アウトローに学ぶ異界生存戦略.52
私が異変に気付いた時には我々の行動だけでは手助けにすらなりそうもなかった。
「ショーイ様、助けが来たようで」
「分かっている」
何か重たい金属があの長い階段を転げ落ちる音は聞こえていた。
そして、何やら戦闘音が響いているのも……。
というのも私の隣の一枚の衣服の切れ端には魔法を施し、布きれから周囲の音の全てを拾って垂れ流している。
魔法回路である魔方陣に流す魔力量によって持続時間が変わるのだが、これの燃費は悪い。

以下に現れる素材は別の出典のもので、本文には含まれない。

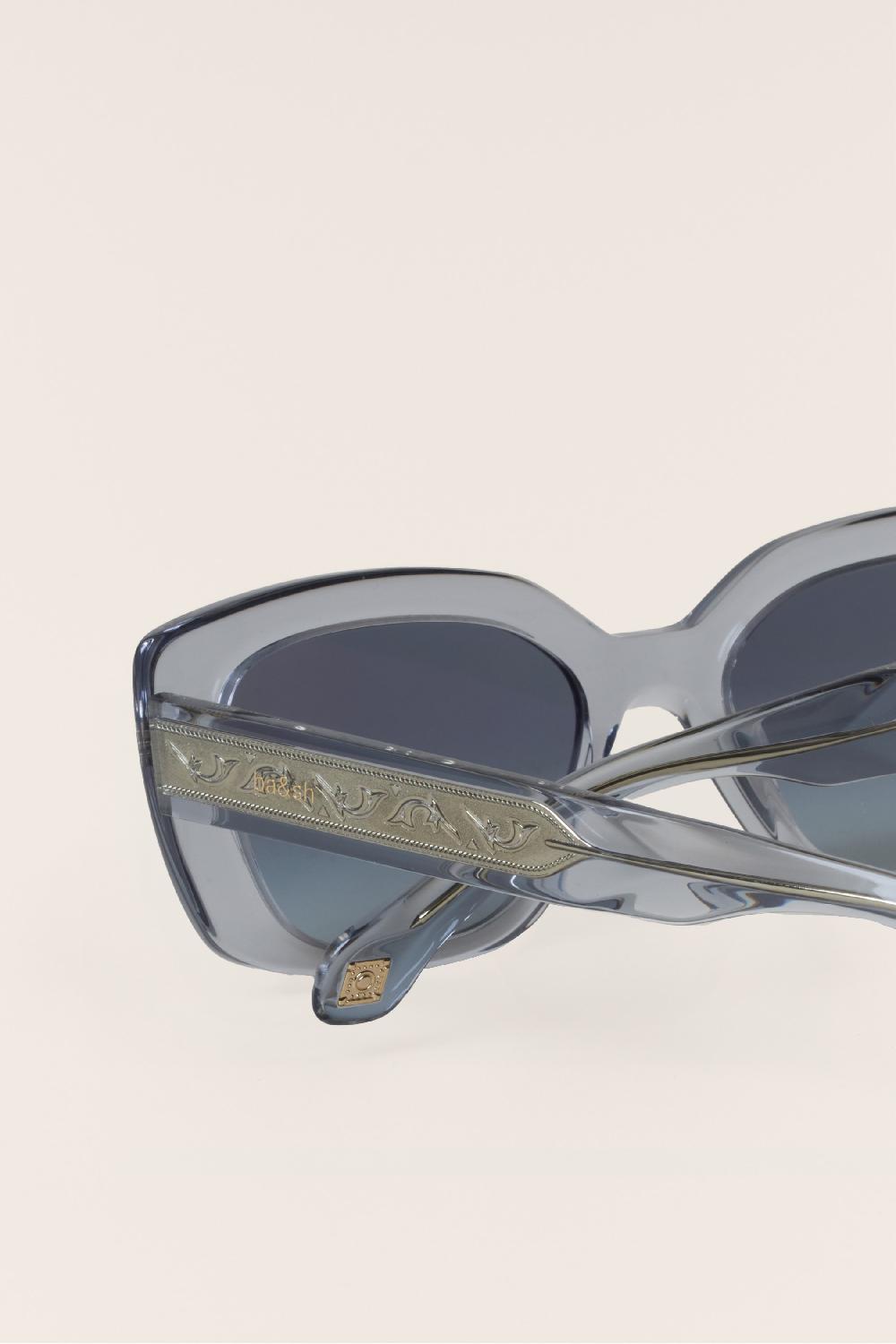 Ba&sh Lunettes De Soleil Liz Gris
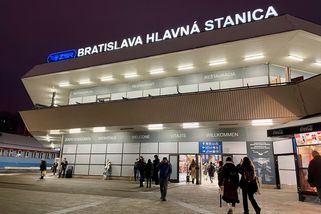 Zanedbané bratislavské nádraží jako předvolební téma. Politici narychlo avizují proměnu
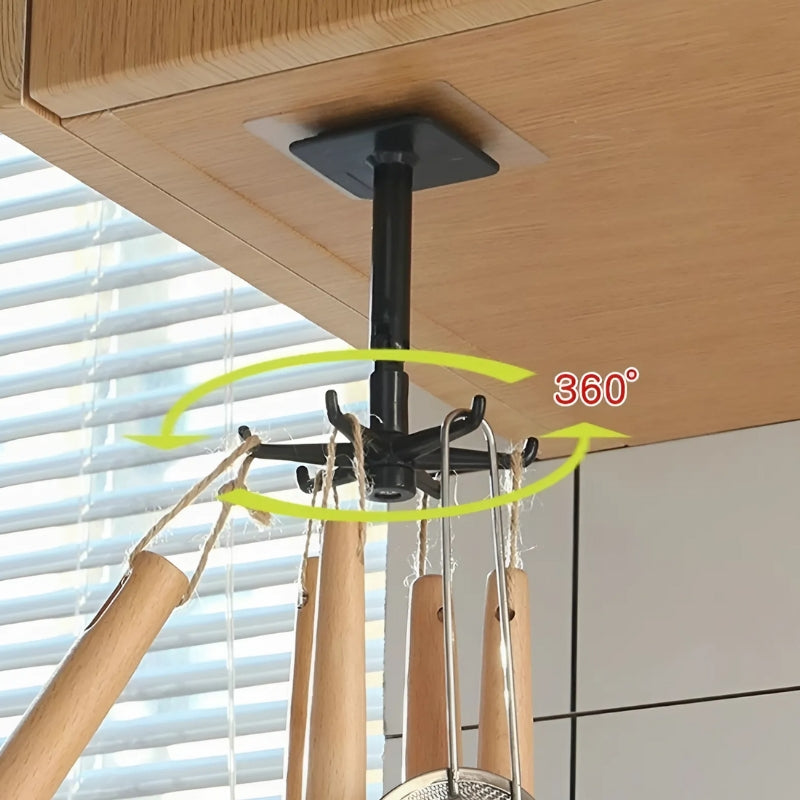 Haken-Organizer mit 360°-Drehfunktion -    Zorenza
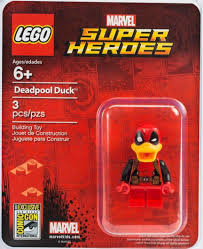 Sdcc2017 2 Deadpool Duck Lego Deadpool Deadpool Lego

それに音源との距離を無視しているため近くで音がした事までしか分からないのだ。
戦闘中の指揮を的確に伝えるものとして生まれたものだが時代遅れが過ぎる。
今では基本は精神感応の魔法がお互いに使えるのであれば必要のないものだ。
軍としての戦いは日々進歩しているのだ。
だが、今の彼らの戦い方は軍ではなくただの群れだ。
目の前に餌に群がるだけの集団では勝利に多大な犠牲を払わなければならない。
そうだ。目の前の餌ではなくその奥の真の目的に到達する部隊が必要だ。
それは私とジョアルの役目だろうな。
床に張り巡らせた魔方陣に魔力を注入する。
大気のマナを効率よく取り入れ用いるために私は目を瞑りさらに深呼吸をして精神を統一する。
術式を頭の中で巡らせ魔方陣を思い描く。
魔法は技術だ。選ばれし者にのみ与えられた贈り物では決してない。
その証明に私は私以外の者が得た力をここに行使するのだ。
口元から言葉が紡がれ始める。
初めてこの術を用いた者がさらなる現象の発生、そして発生の安定のために長年研究した成果。
他の者でも用いられるように単純化された術式。
劣化品などではない。ここにあるは、一人の魔術師が生涯をかけて一般化した詠唱。
それをさらに他の魔法使いたちが法則を導き出した英知の結晶なのだ。
私のこの魔法の発現には、過去の偉大なる故人たちの血と肉が詰まっている。
私の得た物は、過去から連綿と続く人々の記憶と経験。
私もまたこの技術を後世の者に伝える責任があるのだ。
素材すら不明の床が盛り上がる。
私の詠唱の完結により結実するは真理のその一端。
私は今、真理の一端の担い手としてここにいるのである。
私の体内中の魔力という魔力が注がれていく……。
術式を壊さぬように慎重に、それでいて与えるべき代償は躊躇することなく与えて……。
「ショーイ様……」
ジョアルの声が遠くで聞こえる。
私の精神は今、世界の真理と繋がるのだ。
頭の中を鋭利な刃物で突き刺したように、血の気が引く。
何も考えられない。いや、考える必要などないのだ。
捧げるべきはこの力。妖精との混血である印。魔力である。
私は一人ではない。過去の者たちと共にいるのだ。
そして、私の決戦への準備が整ったのだ。